Stored items

---------------

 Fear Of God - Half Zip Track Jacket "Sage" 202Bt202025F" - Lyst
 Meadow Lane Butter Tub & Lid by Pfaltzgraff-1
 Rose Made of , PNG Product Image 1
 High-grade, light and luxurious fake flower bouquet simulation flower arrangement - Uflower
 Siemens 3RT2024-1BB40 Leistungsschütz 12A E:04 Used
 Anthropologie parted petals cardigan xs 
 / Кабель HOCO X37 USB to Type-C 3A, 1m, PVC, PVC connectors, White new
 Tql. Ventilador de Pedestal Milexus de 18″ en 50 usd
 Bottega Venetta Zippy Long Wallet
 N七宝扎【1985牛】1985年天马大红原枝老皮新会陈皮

---------------

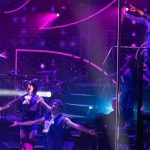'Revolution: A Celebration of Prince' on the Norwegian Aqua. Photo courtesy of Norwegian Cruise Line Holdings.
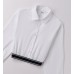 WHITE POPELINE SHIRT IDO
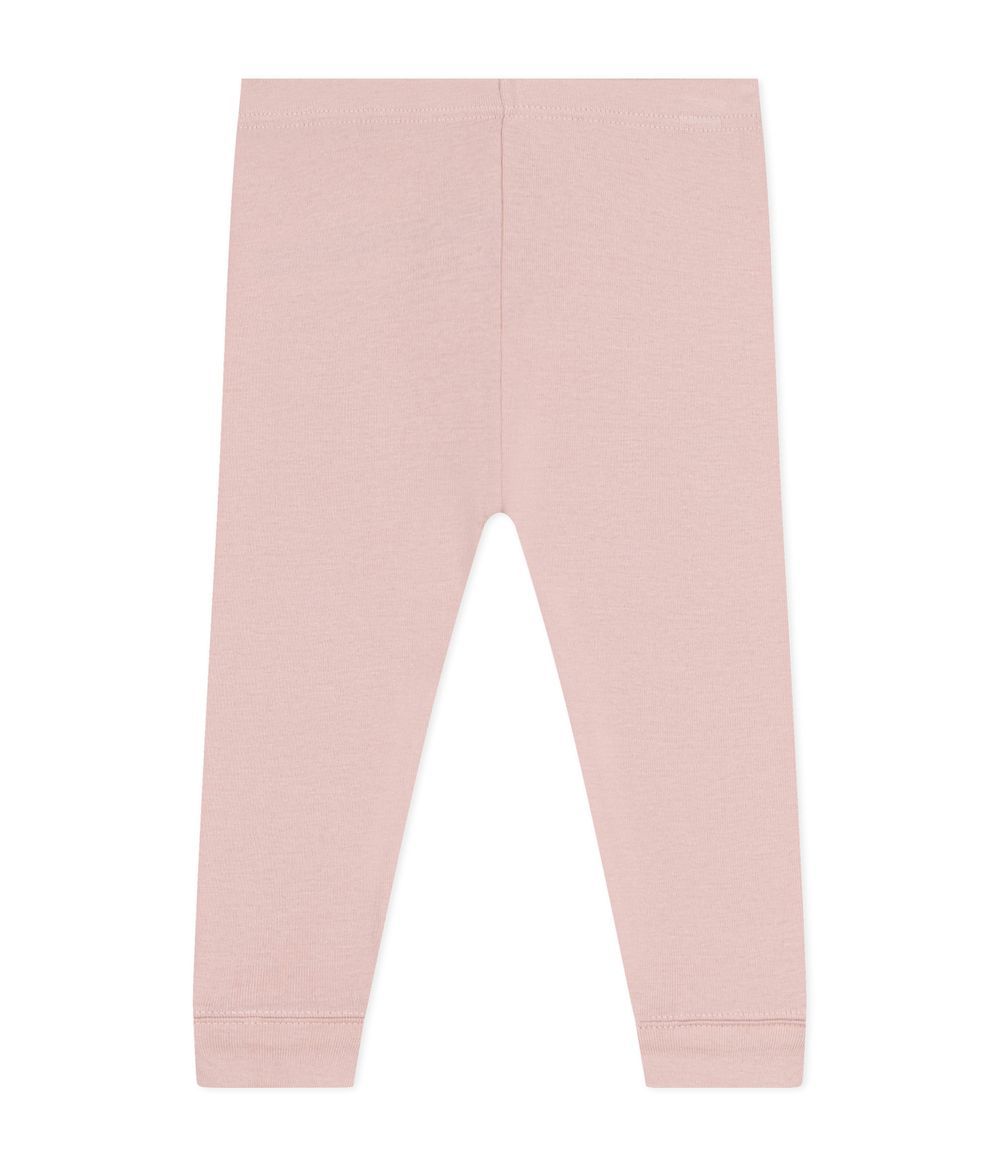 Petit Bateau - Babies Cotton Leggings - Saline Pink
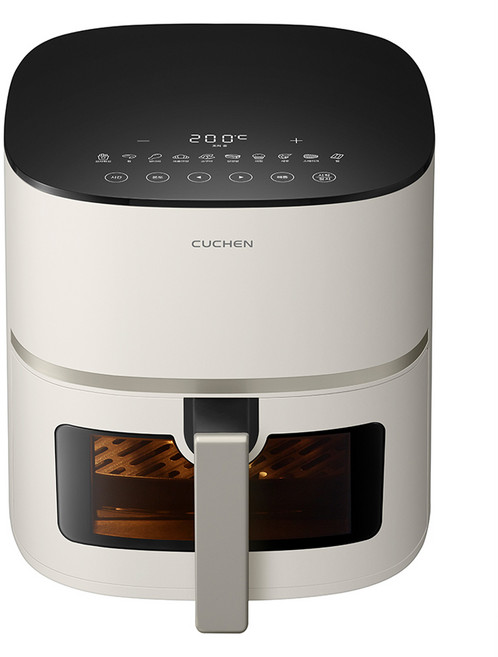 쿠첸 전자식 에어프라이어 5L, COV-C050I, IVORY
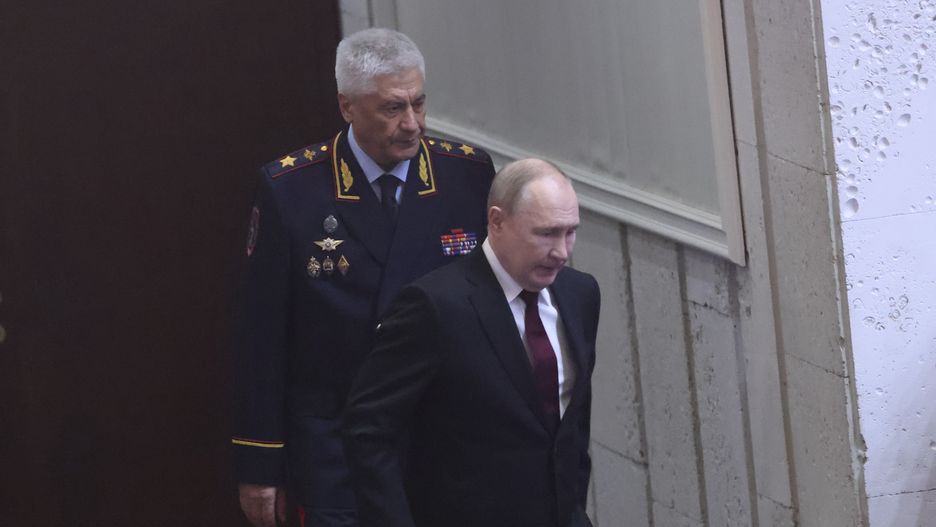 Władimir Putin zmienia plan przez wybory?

---------------

▶ _Problem requirements_
Working from the records above, write out verbatim only the lines from the line containing "Bottega Venetta Zippy Long Wallet" through the line containing "N七宝扎【1985牛】1985年天马大红原枝老皮新会陈皮".

▶ _Answer section_
 Bottega Venetta Zippy Long Wallet
 N七宝扎【1985牛】1985年天马大红原枝老皮新会陈皮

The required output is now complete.